[PROBLEM REQUIREMENTS]: The required output is the exact run of lines below that opens at the line with "Long sleeve polo shirts school best sale" and closes at the line with "354906 Kotanyi Secrets".

[Short text fragments from websites]:
+--

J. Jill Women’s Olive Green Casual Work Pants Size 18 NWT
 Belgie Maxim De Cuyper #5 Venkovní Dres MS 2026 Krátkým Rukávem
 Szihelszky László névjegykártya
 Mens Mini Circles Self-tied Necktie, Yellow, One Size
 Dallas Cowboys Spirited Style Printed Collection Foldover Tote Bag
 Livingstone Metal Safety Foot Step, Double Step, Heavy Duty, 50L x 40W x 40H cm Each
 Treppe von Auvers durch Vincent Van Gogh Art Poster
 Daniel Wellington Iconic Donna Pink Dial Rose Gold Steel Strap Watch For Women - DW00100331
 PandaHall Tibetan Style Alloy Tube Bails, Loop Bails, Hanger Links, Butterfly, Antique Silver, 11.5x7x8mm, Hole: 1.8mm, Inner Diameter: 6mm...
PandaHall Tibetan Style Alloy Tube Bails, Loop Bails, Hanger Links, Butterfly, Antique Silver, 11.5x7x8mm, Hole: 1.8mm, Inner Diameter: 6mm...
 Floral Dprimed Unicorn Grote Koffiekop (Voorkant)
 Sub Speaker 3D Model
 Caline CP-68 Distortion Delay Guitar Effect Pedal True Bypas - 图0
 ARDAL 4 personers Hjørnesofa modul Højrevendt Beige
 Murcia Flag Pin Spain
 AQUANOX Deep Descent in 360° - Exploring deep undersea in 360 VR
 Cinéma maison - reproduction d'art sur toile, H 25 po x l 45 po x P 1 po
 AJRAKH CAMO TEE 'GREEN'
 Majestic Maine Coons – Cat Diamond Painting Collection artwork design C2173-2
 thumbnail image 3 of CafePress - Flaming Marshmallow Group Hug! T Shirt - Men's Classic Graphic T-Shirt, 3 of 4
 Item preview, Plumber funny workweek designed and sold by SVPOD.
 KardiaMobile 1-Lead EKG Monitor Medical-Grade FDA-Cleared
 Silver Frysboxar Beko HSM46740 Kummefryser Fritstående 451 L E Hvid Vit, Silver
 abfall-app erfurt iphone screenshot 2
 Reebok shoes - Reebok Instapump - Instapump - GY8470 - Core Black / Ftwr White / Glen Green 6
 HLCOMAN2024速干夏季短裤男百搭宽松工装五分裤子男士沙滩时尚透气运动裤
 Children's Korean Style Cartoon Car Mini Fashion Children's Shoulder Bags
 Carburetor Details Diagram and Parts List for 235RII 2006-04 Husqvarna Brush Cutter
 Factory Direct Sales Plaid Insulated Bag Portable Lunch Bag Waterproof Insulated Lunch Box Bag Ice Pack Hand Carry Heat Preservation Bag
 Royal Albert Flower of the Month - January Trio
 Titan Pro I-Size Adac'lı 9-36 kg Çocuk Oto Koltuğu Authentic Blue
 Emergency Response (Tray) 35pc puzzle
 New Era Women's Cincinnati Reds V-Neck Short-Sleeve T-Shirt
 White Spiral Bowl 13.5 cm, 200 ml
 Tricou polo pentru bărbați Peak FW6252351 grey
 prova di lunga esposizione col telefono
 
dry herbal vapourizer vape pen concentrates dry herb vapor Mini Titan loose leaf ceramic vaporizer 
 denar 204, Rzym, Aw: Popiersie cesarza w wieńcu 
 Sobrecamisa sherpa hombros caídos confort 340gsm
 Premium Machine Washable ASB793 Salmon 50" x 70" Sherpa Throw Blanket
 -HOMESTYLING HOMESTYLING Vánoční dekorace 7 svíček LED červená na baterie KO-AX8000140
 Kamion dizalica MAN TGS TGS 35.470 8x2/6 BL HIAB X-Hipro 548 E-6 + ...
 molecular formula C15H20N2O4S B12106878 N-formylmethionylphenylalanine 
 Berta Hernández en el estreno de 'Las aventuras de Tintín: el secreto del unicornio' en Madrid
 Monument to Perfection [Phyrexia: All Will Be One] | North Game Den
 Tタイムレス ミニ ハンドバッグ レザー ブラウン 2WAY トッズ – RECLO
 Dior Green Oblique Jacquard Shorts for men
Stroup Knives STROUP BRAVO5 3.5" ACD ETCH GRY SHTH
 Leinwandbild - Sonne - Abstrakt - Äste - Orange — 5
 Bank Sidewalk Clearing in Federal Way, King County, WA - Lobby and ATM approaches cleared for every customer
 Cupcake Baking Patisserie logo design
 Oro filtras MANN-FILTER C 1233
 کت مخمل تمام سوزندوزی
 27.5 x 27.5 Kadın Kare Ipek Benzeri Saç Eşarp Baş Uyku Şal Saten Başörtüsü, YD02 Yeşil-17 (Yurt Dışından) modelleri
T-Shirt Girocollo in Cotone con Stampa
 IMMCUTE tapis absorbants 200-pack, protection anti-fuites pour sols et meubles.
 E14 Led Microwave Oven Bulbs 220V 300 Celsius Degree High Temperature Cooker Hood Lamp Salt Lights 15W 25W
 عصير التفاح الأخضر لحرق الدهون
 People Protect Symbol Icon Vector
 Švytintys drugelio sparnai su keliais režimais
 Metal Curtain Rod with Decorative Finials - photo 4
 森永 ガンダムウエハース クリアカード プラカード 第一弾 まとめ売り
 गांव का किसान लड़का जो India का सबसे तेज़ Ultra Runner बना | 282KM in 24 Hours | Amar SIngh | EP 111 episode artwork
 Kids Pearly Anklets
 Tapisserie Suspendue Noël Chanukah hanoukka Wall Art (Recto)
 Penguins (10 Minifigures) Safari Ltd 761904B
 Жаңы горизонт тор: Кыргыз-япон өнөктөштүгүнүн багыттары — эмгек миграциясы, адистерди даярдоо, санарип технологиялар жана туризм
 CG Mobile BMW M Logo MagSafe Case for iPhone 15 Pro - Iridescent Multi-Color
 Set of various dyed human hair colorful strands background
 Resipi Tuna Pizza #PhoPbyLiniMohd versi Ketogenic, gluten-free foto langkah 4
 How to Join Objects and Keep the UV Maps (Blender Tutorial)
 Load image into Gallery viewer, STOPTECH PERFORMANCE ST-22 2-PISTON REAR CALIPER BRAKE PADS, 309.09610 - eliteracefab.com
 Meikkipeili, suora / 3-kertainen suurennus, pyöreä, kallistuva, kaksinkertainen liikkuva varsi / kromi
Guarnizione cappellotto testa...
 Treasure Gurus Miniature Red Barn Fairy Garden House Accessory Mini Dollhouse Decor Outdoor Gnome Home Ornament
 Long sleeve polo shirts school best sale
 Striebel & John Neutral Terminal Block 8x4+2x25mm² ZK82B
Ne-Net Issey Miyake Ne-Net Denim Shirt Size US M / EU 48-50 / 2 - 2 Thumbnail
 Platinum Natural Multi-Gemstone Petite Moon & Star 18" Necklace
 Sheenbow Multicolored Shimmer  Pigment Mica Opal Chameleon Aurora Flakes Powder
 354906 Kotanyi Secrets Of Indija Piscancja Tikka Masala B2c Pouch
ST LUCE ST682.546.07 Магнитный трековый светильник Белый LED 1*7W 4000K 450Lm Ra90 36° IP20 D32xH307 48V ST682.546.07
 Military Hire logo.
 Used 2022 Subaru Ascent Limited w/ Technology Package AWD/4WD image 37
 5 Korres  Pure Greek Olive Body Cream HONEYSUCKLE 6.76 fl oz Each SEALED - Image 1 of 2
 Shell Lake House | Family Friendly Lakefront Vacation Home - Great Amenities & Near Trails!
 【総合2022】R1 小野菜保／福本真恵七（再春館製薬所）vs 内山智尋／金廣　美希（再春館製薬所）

+--

[REPLY TO THE EXERCISE]:
 Long sleeve polo shirts school best sale
 Striebel & John Neutral Terminal Block 8x4+2x25mm² ZK82B
Ne-Net Issey Miyake Ne-Net Denim Shirt Size US M / EU 48-50 / 2 - 2 Thumbnail
 Platinum Natural Multi-Gemstone Petite Moon & Star 18" Necklace
 Sheenbow Multicolored Shimmer  Pigment Mica Opal Chameleon Aurora Flakes Powder
 354906 Kotanyi Secrets Of Indija Piscancja Tikka Masala B2c Pouch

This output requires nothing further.